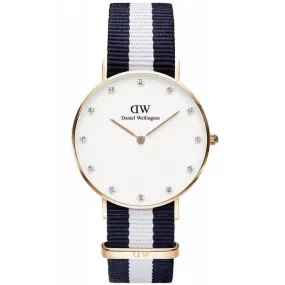 Daniel Wellington Classy Glasgow 34mm Women's Gold Watch DW00100078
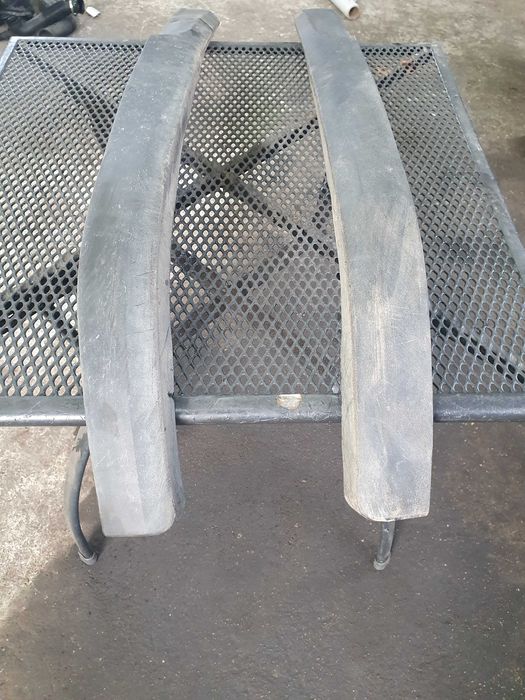 Dokładka hokey zderzaka przód Opel Astra H 3 III Gtc  komplet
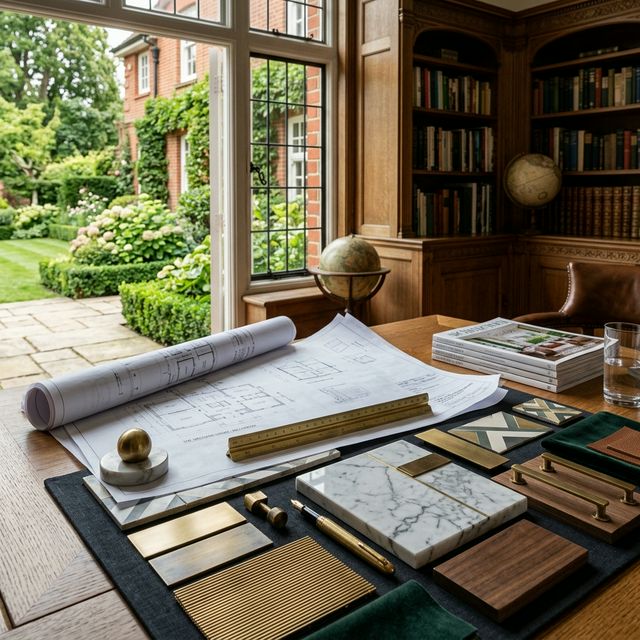 Luxury architecture design in balham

AIM OF THE EXERCISE: Nothing but an exact transcription of the material, without pictures, should be returned.

PROBLEM SOLUTION:
 Daniel Wellington Classy Glasgow 34mm Women's Gold Watch DW00100078
 Dokładka hokey zderzaka przód Opel Astra H 3 III Gtc  komplet
 Luxury architecture design in balham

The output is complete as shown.